Source:
https://scmp.com/article/694414/lions-head-four-happiness

Lion's Head, Four Happiness

Lion's Head, Four Happiness by Xiaomei Martell Vintage Books HK$128

What started off as a trickle in the early 1990s has become a flood, with Western publishers scrambling to knock out semi-autobiographical fiction and memoirs by mainland writers. Publish enough memoirs by mainlanders and, like throwing infinite darts at a dartboard, sooner or later one will strike the bull's eye.

Many such memoirs dwell on the hardships of growing up in austere times, the Cultural Revolution seemingly the literary catch-all for recent mainland suffering, and, like sex, drugs and rock and roll (see Zhou Weihui's Shanghai Baby, Mian Mian's Candy) misery sells.

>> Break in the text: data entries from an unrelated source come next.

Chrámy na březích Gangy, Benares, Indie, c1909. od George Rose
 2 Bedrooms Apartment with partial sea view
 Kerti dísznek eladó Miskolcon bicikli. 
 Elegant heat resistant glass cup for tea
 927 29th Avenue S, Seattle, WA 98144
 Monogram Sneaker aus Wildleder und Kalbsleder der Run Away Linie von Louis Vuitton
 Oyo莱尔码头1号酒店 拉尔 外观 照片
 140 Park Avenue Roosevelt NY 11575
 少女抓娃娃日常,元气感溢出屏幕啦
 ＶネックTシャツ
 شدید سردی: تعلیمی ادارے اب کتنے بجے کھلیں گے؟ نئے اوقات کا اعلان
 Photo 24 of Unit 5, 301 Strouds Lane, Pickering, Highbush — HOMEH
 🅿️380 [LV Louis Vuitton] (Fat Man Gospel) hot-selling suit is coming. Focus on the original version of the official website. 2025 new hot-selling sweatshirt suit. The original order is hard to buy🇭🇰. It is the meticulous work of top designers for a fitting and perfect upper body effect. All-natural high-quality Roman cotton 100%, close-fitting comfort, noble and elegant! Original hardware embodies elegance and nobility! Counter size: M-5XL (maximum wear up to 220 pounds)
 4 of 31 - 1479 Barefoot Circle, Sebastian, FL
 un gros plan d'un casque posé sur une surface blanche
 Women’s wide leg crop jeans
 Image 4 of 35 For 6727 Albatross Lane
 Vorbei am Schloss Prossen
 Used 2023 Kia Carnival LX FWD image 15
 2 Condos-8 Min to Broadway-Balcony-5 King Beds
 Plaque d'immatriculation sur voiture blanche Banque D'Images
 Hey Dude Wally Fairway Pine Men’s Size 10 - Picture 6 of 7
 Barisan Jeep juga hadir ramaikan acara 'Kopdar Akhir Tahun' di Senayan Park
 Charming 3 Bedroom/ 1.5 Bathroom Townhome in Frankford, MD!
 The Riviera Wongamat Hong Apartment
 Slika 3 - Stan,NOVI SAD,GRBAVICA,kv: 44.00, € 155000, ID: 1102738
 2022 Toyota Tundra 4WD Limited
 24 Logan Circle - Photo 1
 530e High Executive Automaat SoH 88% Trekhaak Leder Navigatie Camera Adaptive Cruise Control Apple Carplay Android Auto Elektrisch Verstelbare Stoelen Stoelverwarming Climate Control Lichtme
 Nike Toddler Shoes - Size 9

Autobiographical works with grim subtitles sell well and a 'banned in China' label also helps.

Xiaomei Martell's Lion's Head, Four Happiness contains no loveless copulating. There is not a hint of sedition and personal suffering is downplayed in favour of fond memories. Though the words Cultural Revolution are used on the book's cover to suggest political upheaval, Red Guards - mentioned in passing in recognition of the chaotic times - were largely avoided by Martell and her family. Severely lacking in crises, therefore, Martell's is the slow if charming recollection of an unremarkable childhood, much of which seems to have been spent eating or preparing to eat.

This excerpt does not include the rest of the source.